**EXERCISE OBJECTIVE**
Make an exact copy of the listing so that no picture is carried over.

**INFORMATION SUPPLIED**
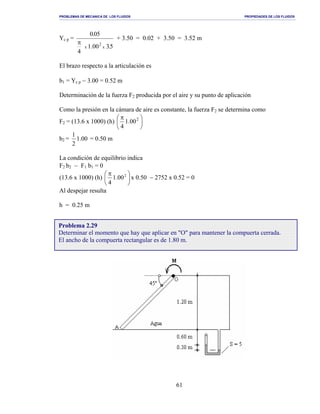 PROBLEMAS DE MECANICA DE LOS FLUIDOS PROPIEDADES DE LOS FLUIDOS
_______________________________________________________________________________________________________________________________________________________________________________________________________________________________________________________________________________
61
Yc p =
5.300.1
4
50.0
x
2
x
π
+ 3.50 = 0.02 + 3.50 = 3.52 m
El brazo respecto a la articulación es
b1 = Yc p − 3.00 = 0.52 m
Determinación de la fuerza F2 producida por el aire y su punto de aplicación
Como la presión en la cámara de aire es constante, la fuerza F2 se determina como
F2 = (13.6 x 1000) (h) 




 π 2
00.1
4
b2 = 00.1
2
1
= 0.50 m
La condición de equilibrio indica
F2 b2 − F1 b1 = 0
(13.6 x 1000) (h) 




 π 2
00.1
4
x 0.50 − 2752 x 0.52 = 0
Al despejar resulta
h = 0.25 m
Problema 2.29
Determinar el momento que hay que aplicar en "O" para mantener la compuerta cerrada.
El ancho de la compuerta rectangular es de 1.80 m.
 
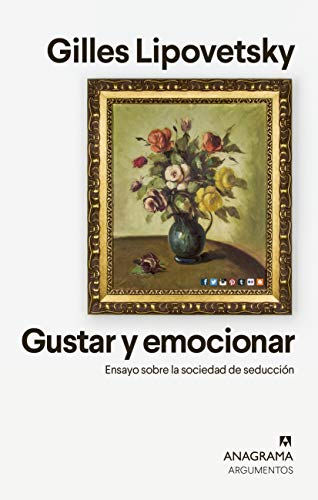 Gustar y emocionar: Ensayo sobre la sociedad de la seducción (Argumentos nº 549) (Spanish Edition)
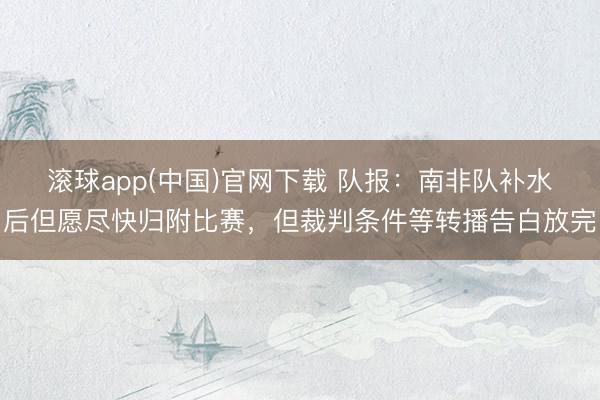 滚球app(中国)官网下载 队报:南非队补水后但愿尽快归附比赛,但裁判条件等转播告白放完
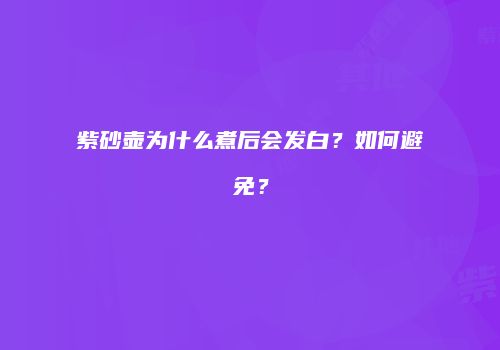 紫砂壶为什么煮后会发白？如何避免？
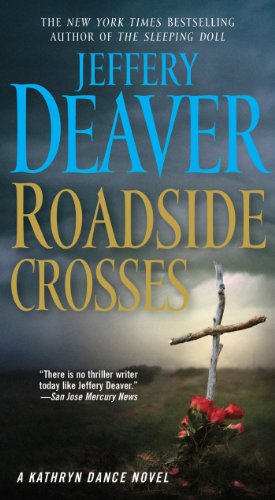 Imagen de archivo de Roadside Crosses: A Kathryn Dance Novel a la venta por Gulf Coast Books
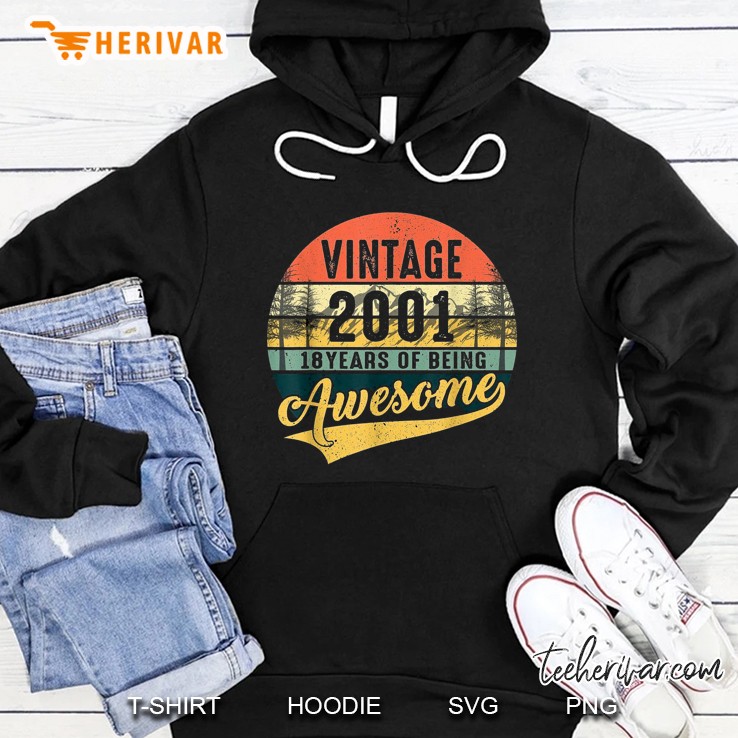 Vintage 2001 18 Years Of Being Awesome Hoodie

**WRITTEN SOLUTION**
 PROBLEMAS DE MECANICA DE LOS FLUIDOS PROPIEDADES DE LOS FLUIDOS
_______________________________________________________________________________________________________________________________________________________________________________________________________________________________________________________________________________
61
Yc p =
5.300.1
4
50.0
x
2
x
π
+ 3.50 = 0.02 + 3.50 = 3.52 m
El brazo respecto a la articulación es
b1 = Yc p − 3.00 = 0.52 m
Determinación de la fuerza F2 producida por el aire y su punto de aplicación
Como la presión en la cámara de aire es constante, la fuerza F2 se determina como
F2 = (13.6 x 1000) (h) 




 π 2
00.1
4
b2 = 00.1
2
1
= 0.50 m
La condición de equilibrio indica
F2 b2 − F1 b1 = 0
(13.6 x 1000) (h) 




 π 2
00.1
4
x 0.50 − 2752 x 0.52 = 0
Al despejar resulta
h = 0.25 m
Problema 2.29
Determinar el momento que hay que aplicar en "O" para mantener la compuerta cerrada.
El ancho de la compuerta rectangular es de 1.80 m.
 
 Gustar y emocionar: Ensayo sobre la sociedad de la seducción (Argumentos nº 549) (Spanish Edition)
 滚球app(中国)官网下载 队报:南非队补水后但愿尽快归附比赛,但裁判条件等转播告白放完
 紫砂壶为什么煮后会发白？如何避免？
 Imagen de archivo de Roadside Crosses: A Kathryn Dance Novel a la venta por Gulf Coast Books
 Vintage 2001 18 Years Of Being Awesome Hoodie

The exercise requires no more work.